▸ Entries provided:
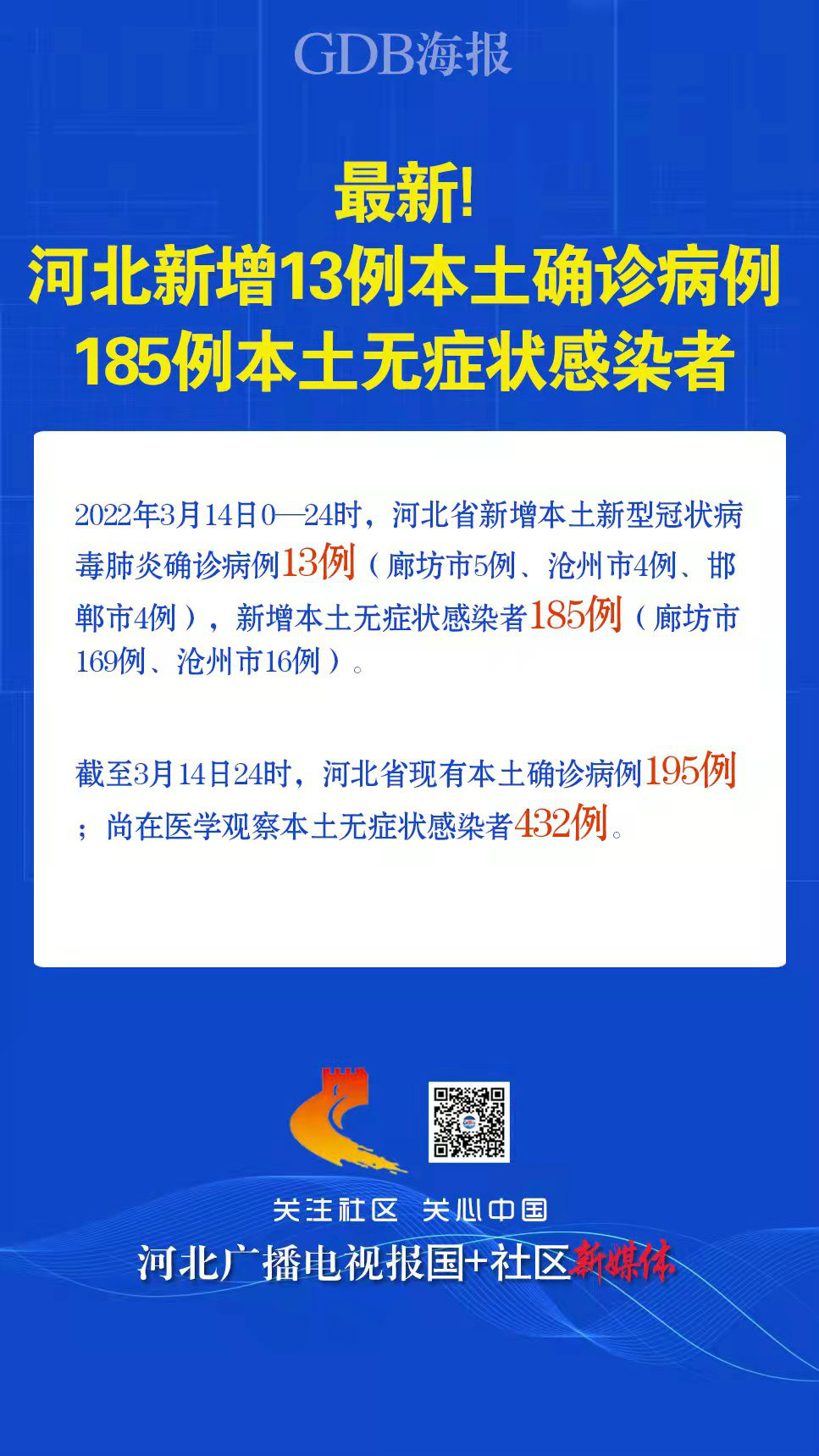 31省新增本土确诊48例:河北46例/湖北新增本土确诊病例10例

==

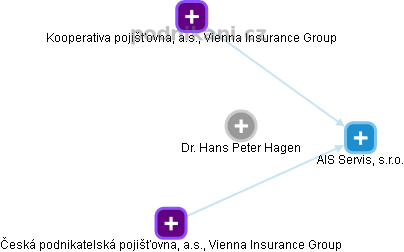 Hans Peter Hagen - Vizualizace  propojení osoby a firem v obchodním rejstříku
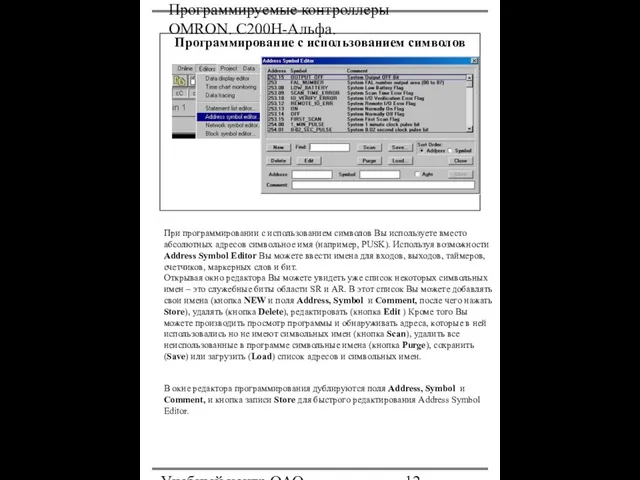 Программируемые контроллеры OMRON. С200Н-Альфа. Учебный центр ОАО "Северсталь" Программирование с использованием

▸ Work item: Reproduce exactly the lines of the data above that run from the line with "Hans Peter Hagen" down to the line with "Программируемые контроллеры OMRON.", both ends included. Pictures do not belong in the copy.

▸ Written solution:
 Hans Peter Hagen - Vizualizace  propojení osoby a firem v obchodním rejstříku
 Программируемые контроллеры OMRON. С200Н-Альфа. Учебный центр ОАО "Северсталь" Программирование с использованием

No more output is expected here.